++++ Listed records
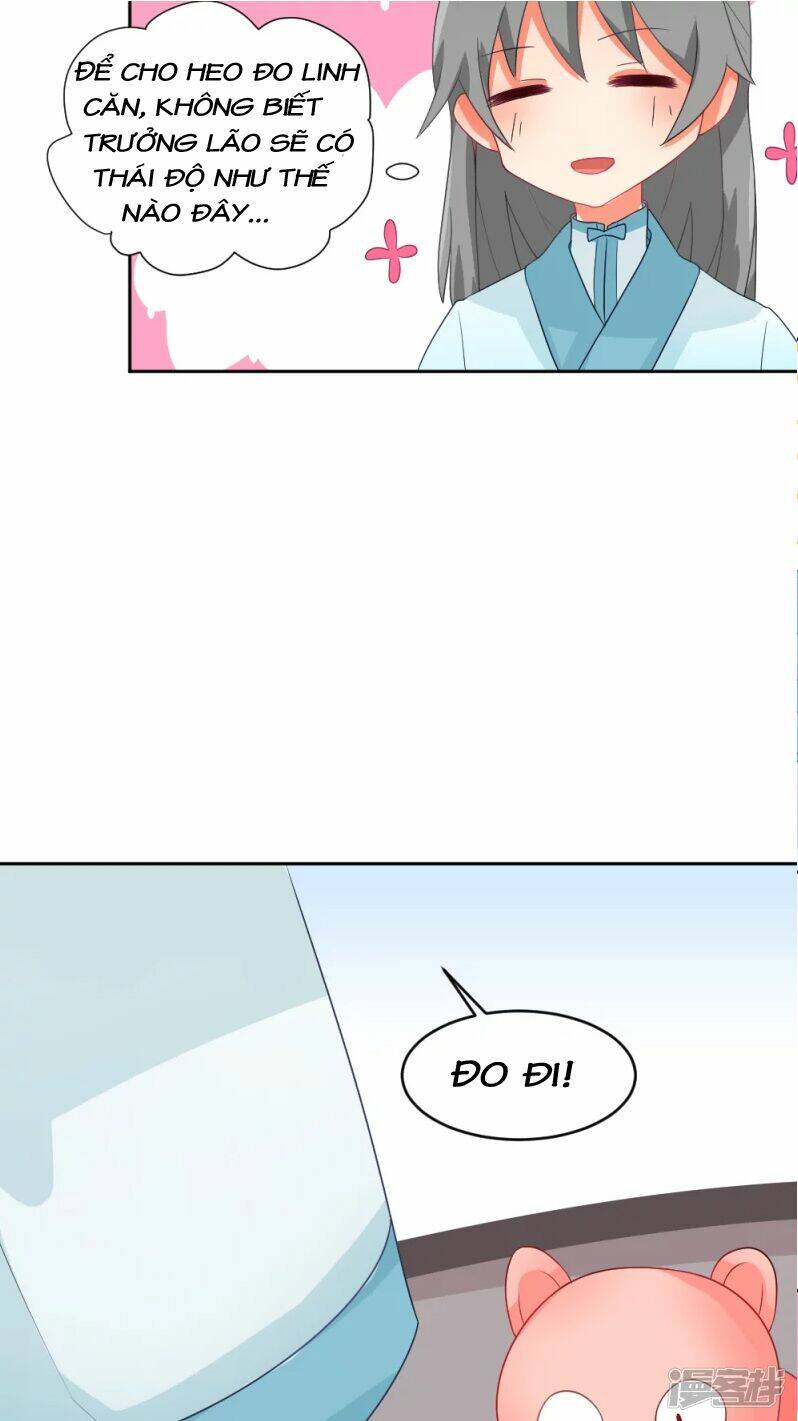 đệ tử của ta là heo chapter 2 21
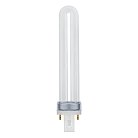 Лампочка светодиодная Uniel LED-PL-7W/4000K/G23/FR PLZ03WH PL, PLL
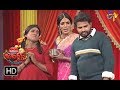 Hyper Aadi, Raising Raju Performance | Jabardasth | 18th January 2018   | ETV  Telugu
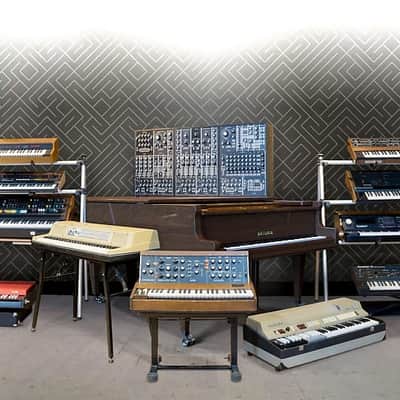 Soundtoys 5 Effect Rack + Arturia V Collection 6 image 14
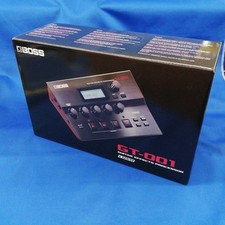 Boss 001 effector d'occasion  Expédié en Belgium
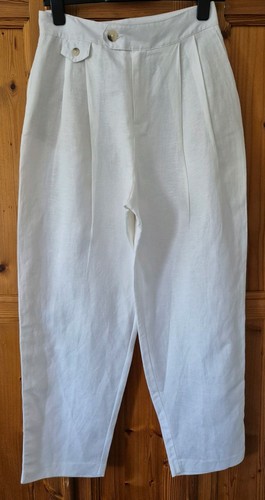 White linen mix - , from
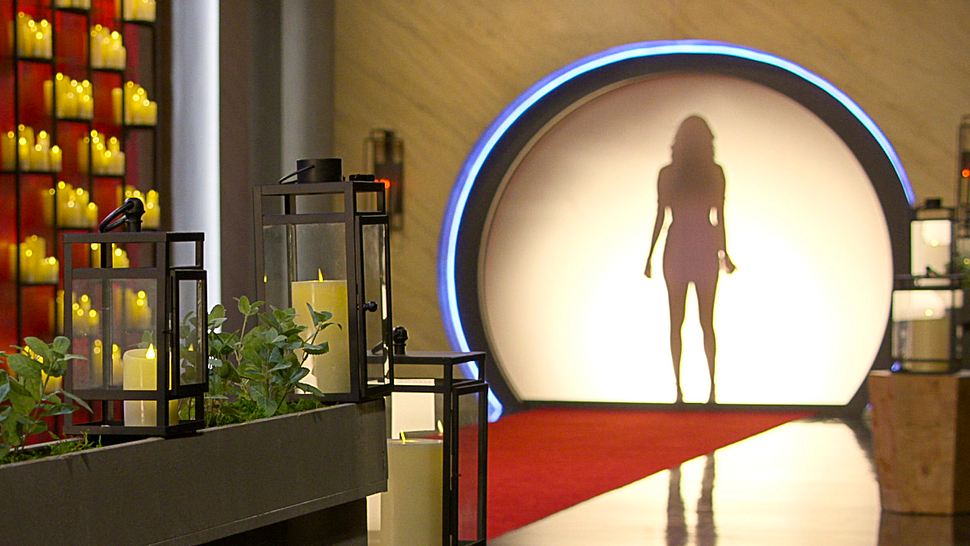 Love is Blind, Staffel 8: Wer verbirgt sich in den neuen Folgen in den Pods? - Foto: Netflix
++++++++
All lines from the one holding "White linen mix - , from" through the last line of the entries, and nothing else, are to be output exactly; leave out the pictures.

• Written response:
 White linen mix - , from
 Love is Blind, Staffel 8: Wer verbirgt sich in den neuen Folgen in den Pods? - Foto: Netflix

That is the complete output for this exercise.